The Lorax Project - Giving Architects A Voice In Daylighting Standards

Project Team: Christoph Reinhart, Tarek Rakha and Dan Weissman

Supported by: MIT HASS Fund

Context

Standard organizations and committees working on building codes and green building standards are typically not frequented by architects. Yet, these committees do more and more influence what performance criteria architects have to design for. This situation is obviously undesirable since there is not feedback mechanism that reports how standard requirements influence design decisions in practice. One solution could be to get more architects to participate in the relevant professional committees to close the feedback loop. But, this is unlikely to happen in the short-term. Instead, another approach is to bring some of the questions raised in committees into schools of architecture, have students and faculty contribute to them in an academic context and to then report the findings back to the standards world. This is the larger ambition of this project, giving the architectural design community a voice in standard committees - "I am the Lorax and I speak for the ... architects."

Daylit Area Exercise

In 2011 we developed and tested a classroom exercise on daylighting that can serve as an introductory, hands-on exercise in any course or module on daylighting (paper). All you need is a daylit space and a light meter. The space should be deep enough so that there are actually parts of it that occupants might consider to be "non daylit". In the exercise students are first asked to draw the daylit boundary in a space following their intuition and to then conduct a few illuminance measurements. The instructor then plots all student assessments onto a single floor plan and determines the mean daylit area for the space along with a series of daylight simulations.

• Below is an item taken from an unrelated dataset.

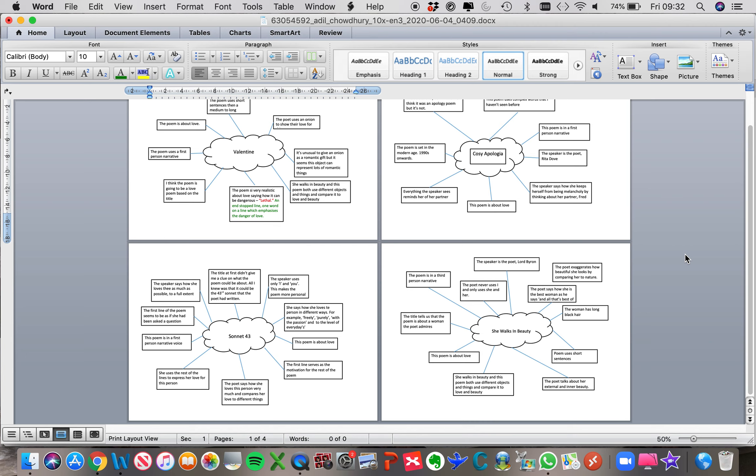However, in Sonnet 43, towards the end of the poem, the idea that the love that the speaker of the poem is feeling towards her partner is so strong that actually, she's saying, 'I shall but love thee better after death.'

The educational value of the exercise is that the students understand what their personal target illuminance for a given space type is and how their personal approach to daylight compares to current and emerging daylighting metrics. The value for research is that we gain more insight into how well our metrics mimic occupant assessments.

Pilot Study

During our initial study we found excellent agreement between a daylight-autonmy-based analysis of a studio in Le Corbusier's Carpenter Center in Cambridge, MA, (below left) and subjective evaluations of 67 architecture students of the same space. The right figure below compares the boundary of the daylit area according to daylight autonomy DA[300lux]50% (green line) and the mean student assessment (black line). The daylight autonomy analysis was conducted based on a new Lighting Measurment (LM) recommendation by the Illuminating Engineering Society of North America (IESNA).

This Project

We believe that an independant validation of the above mentioned Lighting Measurment Procedure through student evaluations will help the IESNA and others to gage the validity of the daylight autonomy metric. The goal of this project is therfore to collaborate with Building Science Educators worldwide and to repeat the Daylit Area Exercise in a variety of climates and cultures. To date 19 universities form across the globe have indicated their interest to participate in the study in 2012. 4 instructors have already submitted their student assessments.